Because compounds accumulate through dry periods and enter aquatic systems in just a few seasonal events such as snowmelt and summer storms, surface waters in semi-arid, cold regions, such as the Canadian Prairies, are particularly vulnerable to loading of contaminant from runoff events from surfaces. This study assessed concentrations of metals and selected trace organics entering a river via surface runoff from an urban region and how these semi-arid regions with large seasonal variations in temperature might differ from more temperate regions.
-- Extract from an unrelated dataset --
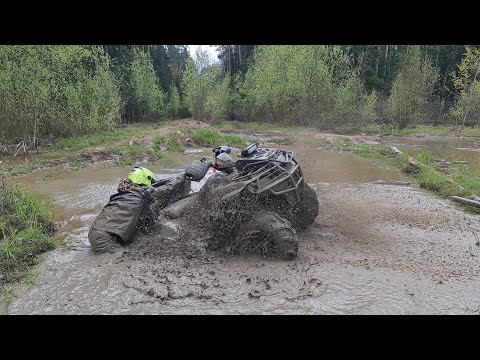 Видео: много грязи и квадроциклы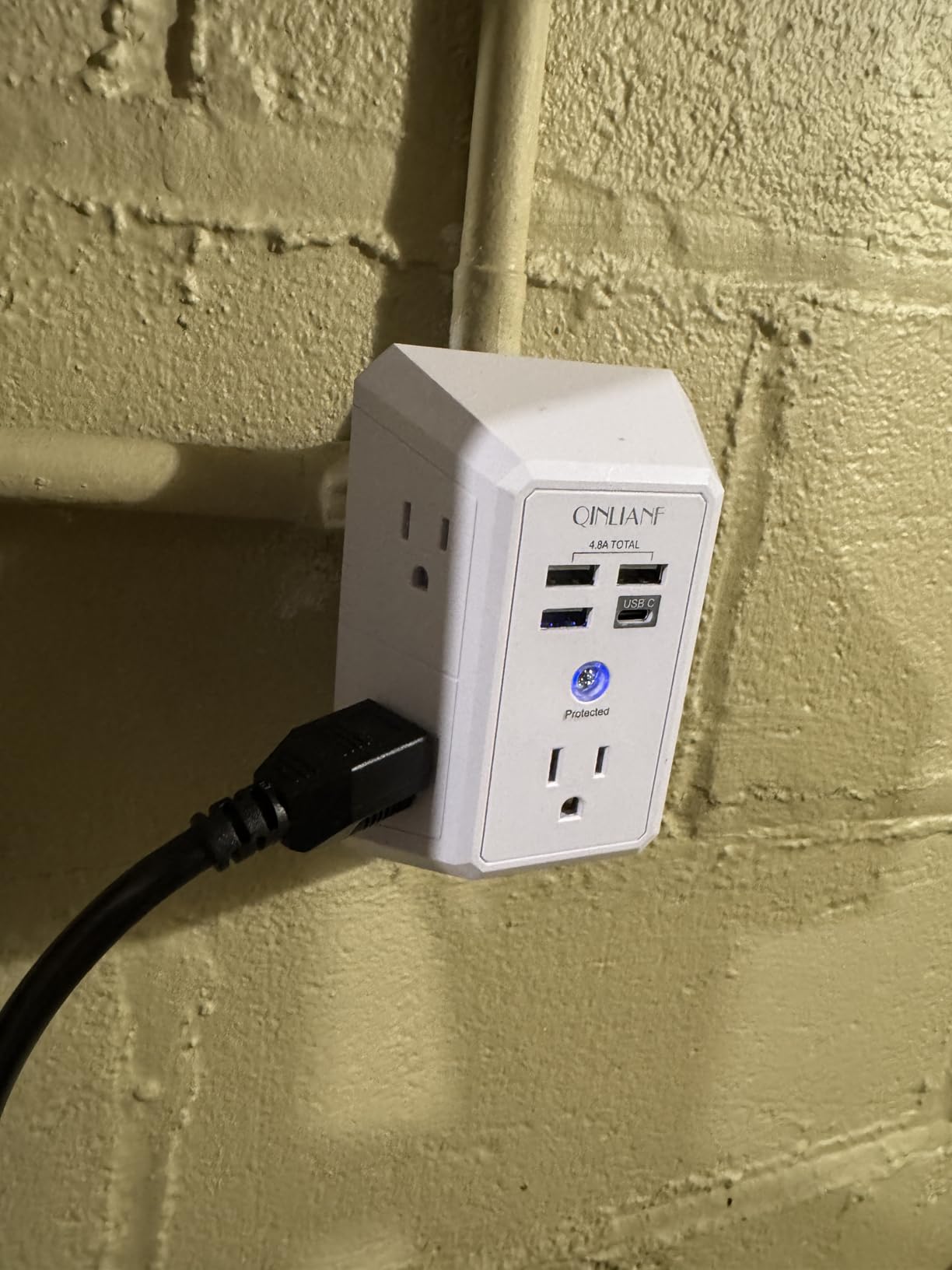 Wall Charger, Surge Protector, QINLIANF 5 Outlet Extender with 4 USB Charging Ports, 3-Sided 1680J Power Strip Multi Plug Adapter Spaced for Home Travel Office customer photo 2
Selected potentially harmful elements (PHEs) including, Mn with Cr, Cu, Zn, Ba and U all exceeded guideline discharge values set by the Canadian Council of the Ministers of the Environment (CCME) by as much as 16-fold. Variation among discharges during spring, summer and winter was observed. For example, across the whole city, an estimated 6 kg of zinc was discharged in a spring storm, 36 kg in a summer storm and 17 tonnes in snowmelt. The mass of Zn discharged is similar to the annual loading estimated for Stockholm, Sweden, but in Saskatoon, Saskatchewan, Canada, the bulk of runoff was during snowmelt. The mean sum of poly- and per-fluoroalkyl substances (PFAS) in stormwater was 9.0 ng L−1, which is consistent with concentrations observed in other Canadian cities (6.5–16 ng L−1). These concentrations of PFAS are likely due to dispersed sources and orders of magnitude less than thresholds for toxicity to fish and aquatic invertebrates.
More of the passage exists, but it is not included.